Si l’on prend l’AfD au sérieux, si l’on écoute les contenus qui se cachent derrière les thèses crues qui cherchent à attirer l’attention, on prend également au sérieux les citoyens qui ont mis leur croix sur l’AfD. Les citoyens qui ont l’impression d’avoir été oubliés. Qui se considèrent comme des laissés-pour-compte, des perdants du tournant et de la reprise. Seul un débat équitable peut faire en sorte que nombre d’entre eux reconnaissent les véritables dangers de l’AfD et que les autres partis atteignent à nouveau ceux qu’ils ont perdus.
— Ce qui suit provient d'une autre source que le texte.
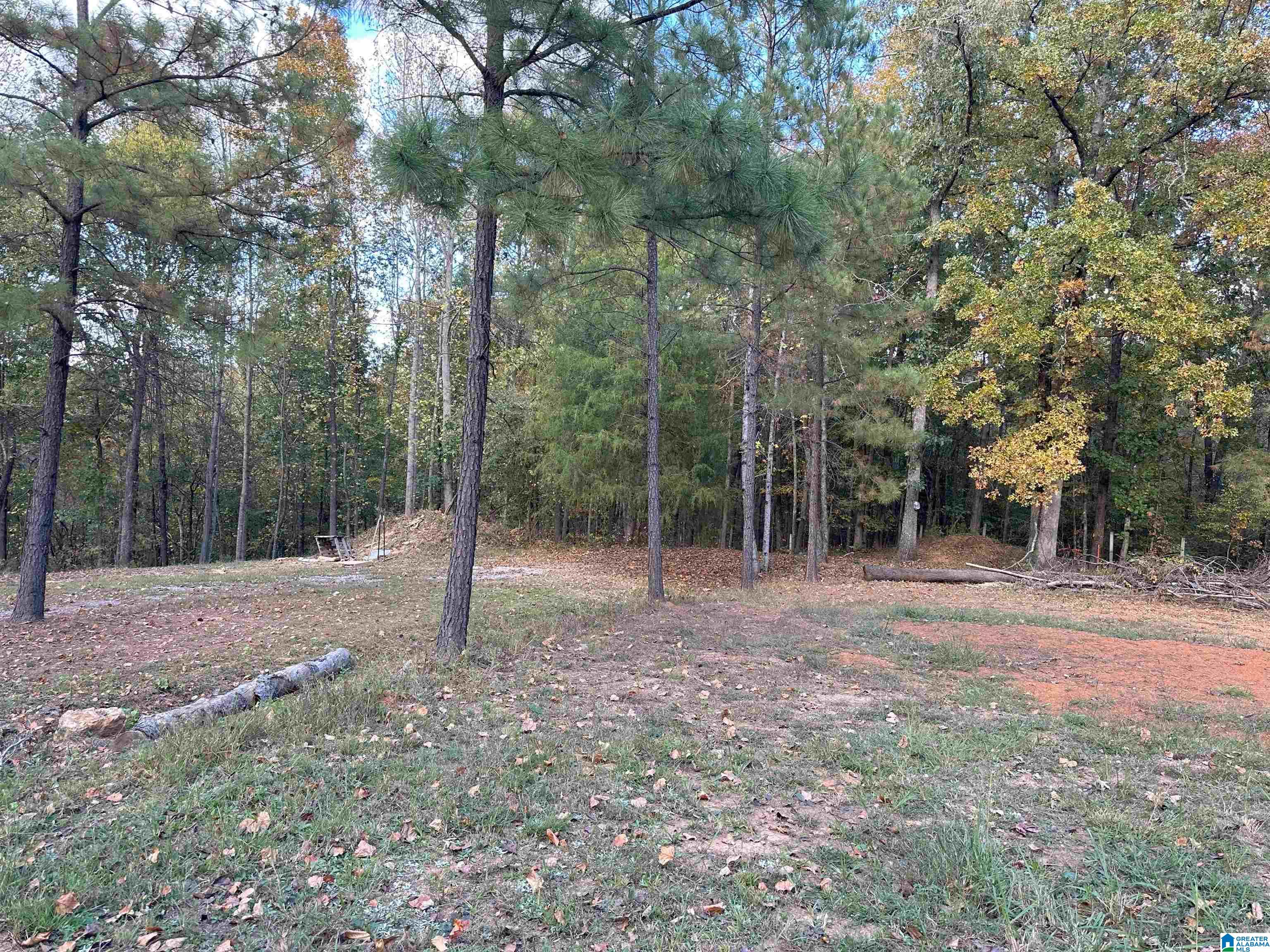 55 Oak Tree Street Cropwell, AL 35054 - Photo 15 of 27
Peu après les élections, j’étais assis avec un artisan. Il ne l’a pas dit directement, mais il est apparu clairement qu’il avait voté pour l’AfD. Je ne l’ai pas jugé, je n’ai pas fait preuve d’incompréhension, je ne me suis pas opposé avec véhémence. Je l’ai écouté et j’ai compris pourquoi il avait choisi l’AfD dans sa situation. Ce n’est qu’ensuite que nous avons pu parler d’égal à égal. De préoccupations qui me sont incroyablement éloignées, moi qui ai la vingtaine et qui vis dans une grande ville, mais qui reflètent sa réalité. Si l’on traite d’eux, de leurs histoires, de leurs opinions, on laisse aussi l’AfD dans les journaux, les portails et les articles. Car ce sont eux qui ont fait entrer l’AfD au Bundestag allemand, que ce soit par protestation ou par conviction. Lorsque l’AfD s’exprimera à Munich, je ne soufflerai pas dans des sifflets ou ne dessinerai pas de panneaux avec des insultes. Mais j’écouterai. Et ensuite, peut-être écrire quelque chose à ce sujet. En prenant clairement position contre le racisme, la haine et l’incitation à la haine, mais sans exclure catégoriquement de créer une scène médiatique. Parce que les choses ne changeront que si l’on prend au sérieux les personnes aux opinions figées. Et non pas en excluant les médias en tant que plateforme d’un parti qui, pour beaucoup, est apparu comme une dernière issue à leur propre misère – et qui, pour cette raison aussi, va désormais co-gouverner ce pays de manière effrayante.